William Crozier
Crozier was born in Glasgow to Irish parents and educated at the Glasgow School of Art between 1949 and 1953. On graduating he spent time in Paris and Dublin before settling in London, where he gained a reputation as the 1950's equivalent of a Young British Artist through the early success and notoriety of his exhibitions of assemblages and paintings at the ICA, Drian and the Arthur Tooth galleries, with whom he had a long association.
Profoundly affected by post-war existential philosophy, Crozier allied himself and his work consciously with contemporary European art throughout the 1950's and 1960's, rather than with the New York abstractionists, who were more fashionable in the UK at the time. He was also part of the artistic and literary world of 1950's Soho, a close associate of 'the Roberts', Colquhoun and MacBryde, John Minton and William Scott, and part of the expatriate middle-European and Irish intellectual circles in London of the time. Crozier spent 1963 in southern Spain with the Irish poet Anthony Cronin; this proved pivotal to Crozier's development as an artist. On his return to the UK, he began a series of skeletal paintings which anticipated the 'New Expressionist' German painters of the 1980's, and which were influenced by Crozier's visit in 1969 to Auschwitz and Belsen.

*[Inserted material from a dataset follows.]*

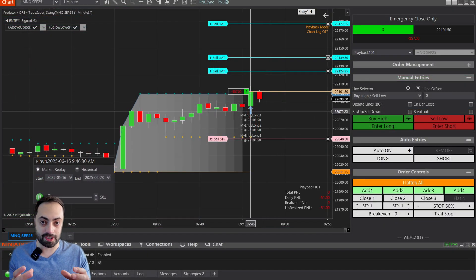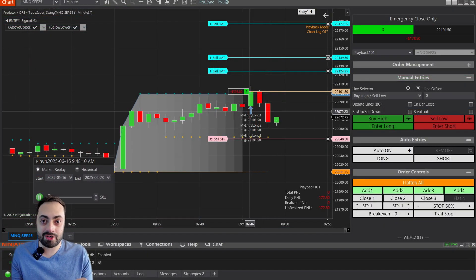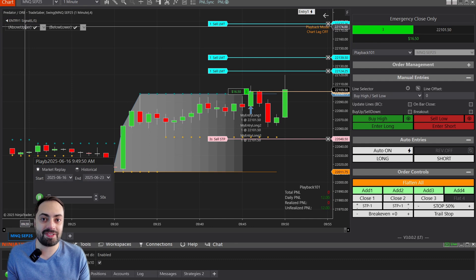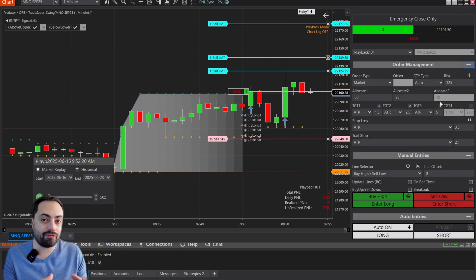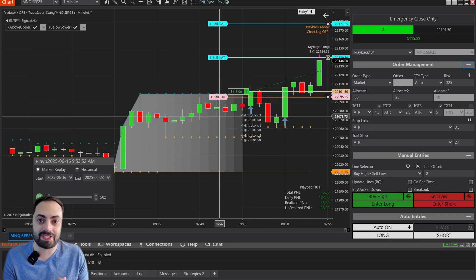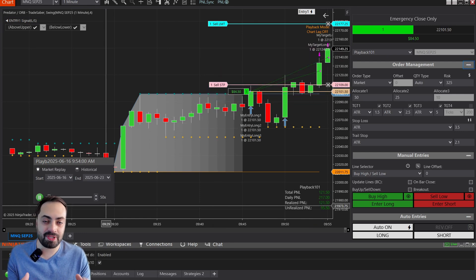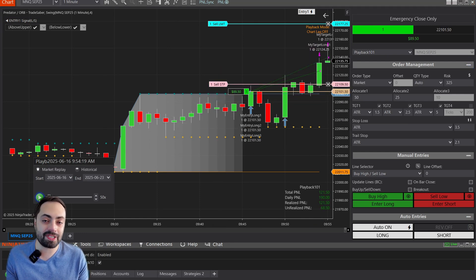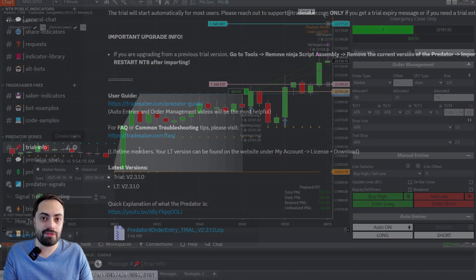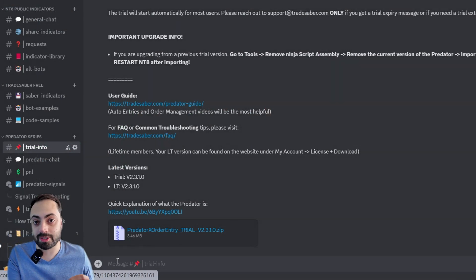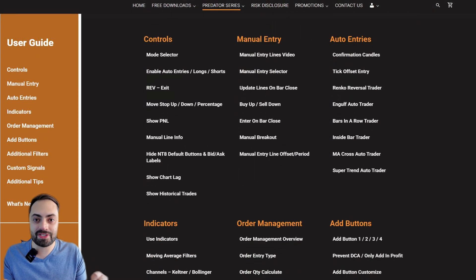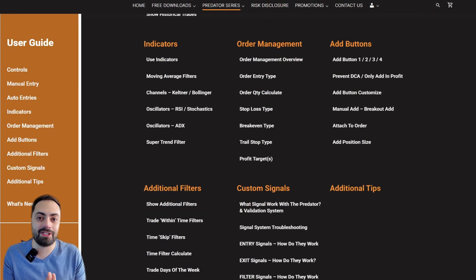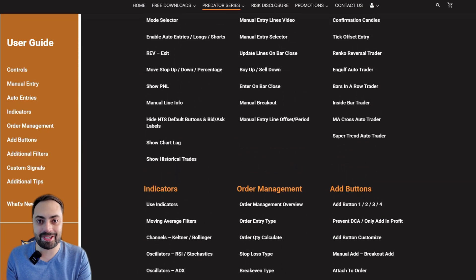For those of you who are completely new here, the Predator X is an order entry and management system that allows users to create a number of fully or semi-automated strategies. One of its main features is the ability to automate third-party indicators, just like we're going to show in this video. There is a free trial over on Discord and a full user guide on our website — all links are down below.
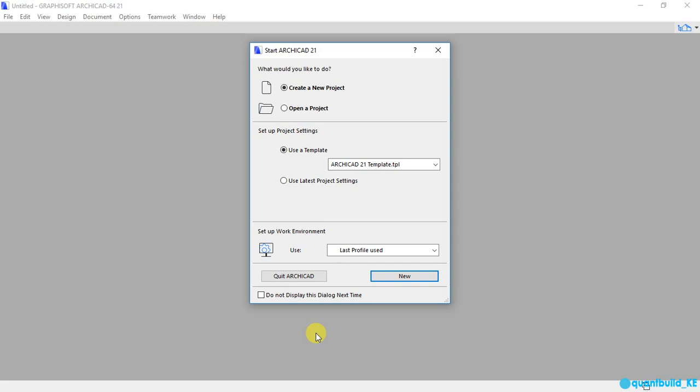And so, if you are ready, we are going to follow five steps. And the first step is to open our ArchiCAD program. As you can see, my ArchiCAD program is already open. So, I will go to step number two,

Based in London throughout the 1960's and 1970's, Crozier exhibited his works in London, Glasgow, Dublin and all over Europe. As many artists of the 1960's did, Crozier combined painting with teaching, first at Bath Academy of Art, (with Howard Hodgkin, Gillian Ayres and Terry Frost), then at the Central School of Art (with William Turnbull and Cecil Collins), at the Studio School in New York and finally at Winchester School of Art where he led a strong centre for painting based on the European tradition. From the 1980's, Crozier's painting blossomed with a new freedom and confidence, the result of his giving up teaching and the stimulus provided by his studios in West Cork in Ireland, and in Hampshire in England. His abstract landscapes and still life painting used sumptuous colour to convey an emotional intensity. To the end of his life, he was endlessly concerned with the challenge of creating a new language in figurative painting.